Lothair initially placed himself in opposition to the Billung family and Adalbert of Bremen. Adalbert had won great influence over the young King Henry IV and he designed to extend the influence of the Archdiocese of Hamburg-Bremen over the various small counties of Saxony, especially between the Elbe and the Weser in order to better evangelise the Slavs. In 1063, Adalbert annexed Stade from Lothair. Originally he had supported Lothair as a counterweight to Billung influence in Saxony, but military conflict soon broke out between the Udonids and the Billungs.

After Henry IV came of age in 1065, Lothair recovered his lost territories from the Billung and Adalbert, whose took a serious setback (1066). In 1068, Lothair was granted the March of Zeitz. In that year, he and Henry attacked the Liutizi along the Elbe, but in 1069 they called the expedition off in failure.

In 1071, Lothair was involved in the conspiracy of Bardowiek. In 1073, he was on the side of the king, but the policy of Adalbert and his successor Liemar put him at odds with the royal party again. In 1075, he fought under Otto of Nordheim at the Battle of Homburg against the king. They were defeated. Lothair immediately made peace with the king to allow his hostage son to go free. The rest of the Saxon nobles went through long negotiations.

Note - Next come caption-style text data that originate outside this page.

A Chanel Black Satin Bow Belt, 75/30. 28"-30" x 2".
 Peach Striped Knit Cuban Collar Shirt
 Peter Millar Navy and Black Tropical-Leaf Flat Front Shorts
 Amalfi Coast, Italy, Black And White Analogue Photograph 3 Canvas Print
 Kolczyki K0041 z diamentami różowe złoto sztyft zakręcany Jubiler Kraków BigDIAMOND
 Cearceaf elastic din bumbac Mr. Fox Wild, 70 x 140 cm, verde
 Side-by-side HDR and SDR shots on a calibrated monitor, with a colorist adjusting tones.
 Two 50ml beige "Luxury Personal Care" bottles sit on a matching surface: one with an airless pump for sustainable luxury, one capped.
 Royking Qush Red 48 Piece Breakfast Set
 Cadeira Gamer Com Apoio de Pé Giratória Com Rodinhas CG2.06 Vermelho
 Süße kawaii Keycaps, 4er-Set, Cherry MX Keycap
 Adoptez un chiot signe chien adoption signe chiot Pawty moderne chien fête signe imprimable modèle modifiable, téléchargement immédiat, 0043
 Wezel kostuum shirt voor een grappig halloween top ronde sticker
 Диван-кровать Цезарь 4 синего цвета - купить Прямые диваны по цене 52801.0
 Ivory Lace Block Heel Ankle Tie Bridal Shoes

Lothair was succeeded by his son Henry in 1082. His widow was Oda (born c. 1050), daughter of Richenza (daughter of Otto II of Swabia) and Herman III, Count of Werl.

==Marriage and issue==
Lothair Udo married Oda of Werl, daughter of Herman III, Count of Werl, and his wife Richenza. (also Uda and Hilaria; b. ca. 1050), their children were:
- Henry I the Long, Margrave of the Nordmark and Count of Stade (as Henry III) (ca. 1065–27 June 1087), married Eupraxia of Kiev
- Lothair Udo III, Margrave of the Nordmark and Count of Stade (as Lothair Udo IV) (ca. 1070–2 June 1106)
- Rudolf I, Margrave of the Nordmark and Count of Stade (d. 7 December 1124), married Richardis, daughter of Hermann, Count of Sponheim-Lavanttal (d. 22 July 1118), since 1080 Burgrave of Magdeburg, brother of Archbishop Hartwig of Magdeburg.
- Siegfried (d. ca. 1111), Provost at Magdeburg
- Adelaide (Adelheid) (ca. 1065–18 October 1110), married (1) with Frederick III, Count of Goseck (ca. 1065–5 February 1085), also Count of Putelendorf and as Frederick III also Count Palatine of Saxony, and (2) with Louis the Jumper, Count of Schauenburg (near Friedrichroda, Thuringia; 1042–1123) also Count of Thuringia.
Lothair Udo was succeeded as margrave and count by his son Henry upon his death.